▶ _Work instruction_: Omit every picture and return the rest of the data unaltered.

*** Opening of Recorded data ***

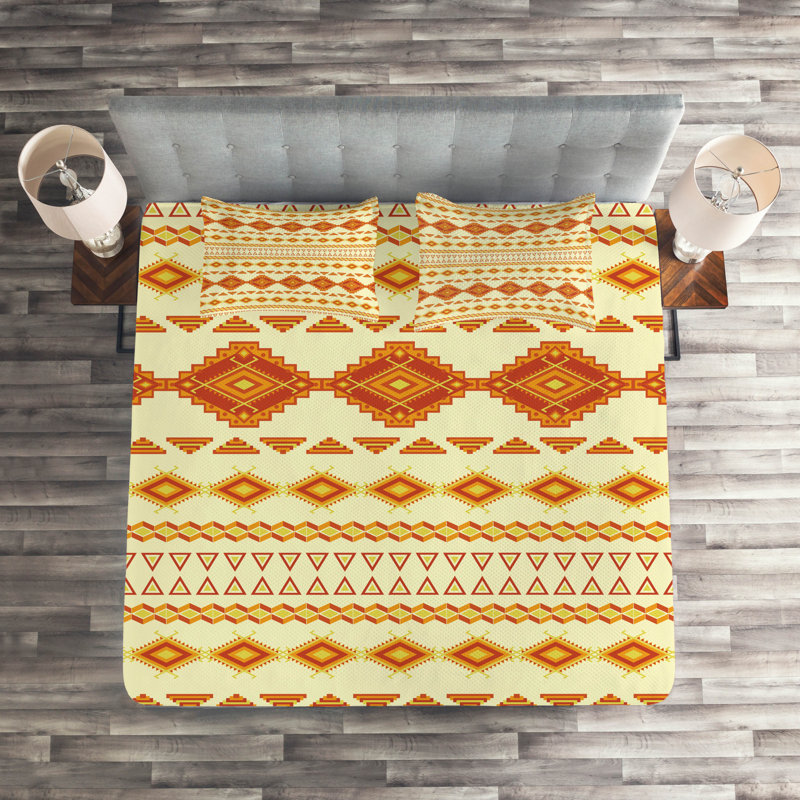 Rustic Polyester Geometric Shapes Coverlet, King Bedspread + 2 Shams
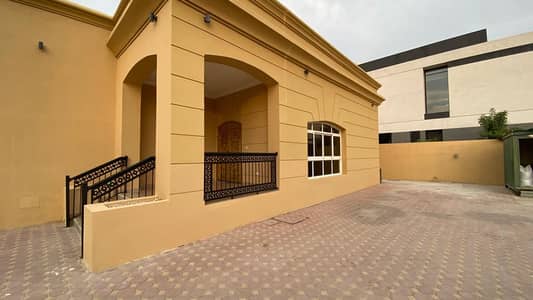 Villa for Rent in Al Khawaneej, Dubai - 4 master bedrooms villa  in alkawaneej 1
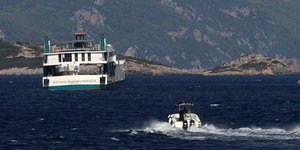 Το φέρι μποτ «ΠΑΝΑΓΙΑ ΠΑΡΑΒΟΥΝΙΩΤΙΣΣΑ» που προσάραξε σε αβαθή στα Νέα Στύρα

*** Close of Recorded data ***

▶ _Task response_:
 Rustic Polyester Geometric Shapes Coverlet, King Bedspread + 2 Shams
 Villa for Rent in Al Khawaneej, Dubai - 4 master bedrooms villa  in alkawaneej 1
 Το φέρι μποτ «ΠΑΝΑΓΙΑ ΠΑΡΑΒΟΥΝΙΩΤΙΣΣΑ» που προσάραξε σε αβαθή στα Νέα Στύρα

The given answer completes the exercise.